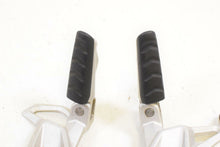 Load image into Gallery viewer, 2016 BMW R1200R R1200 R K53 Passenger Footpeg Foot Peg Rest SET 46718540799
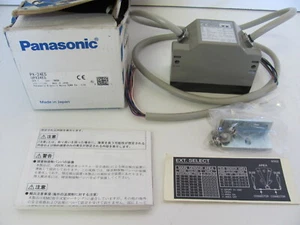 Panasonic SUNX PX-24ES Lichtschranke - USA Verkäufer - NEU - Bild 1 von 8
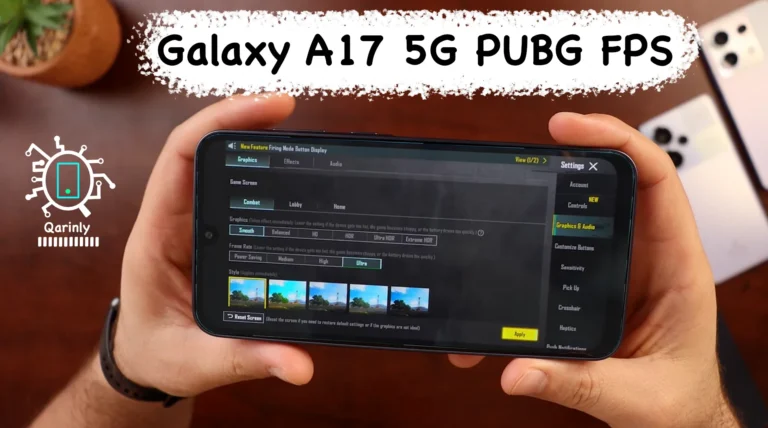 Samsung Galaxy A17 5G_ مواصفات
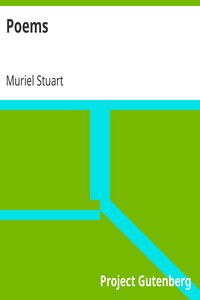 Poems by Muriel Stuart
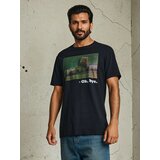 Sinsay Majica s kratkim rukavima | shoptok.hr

▶ [PROBLEM]
What you return must match the data above exactly, with no images included.

▶ [WRITTEN ANSWER]
 Load image into Gallery viewer, 2016 BMW R1200R R1200 R K53 Passenger Footpeg Foot Peg Rest SET 46718540799
 Panasonic SUNX PX-24ES Lichtschranke - USA Verkäufer - NEU - Bild 1 von 8
 Samsung Galaxy A17 5G_ مواصفات
 Poems by Muriel Stuart
 Sinsay Majica s kratkim rukavima | shoptok.hr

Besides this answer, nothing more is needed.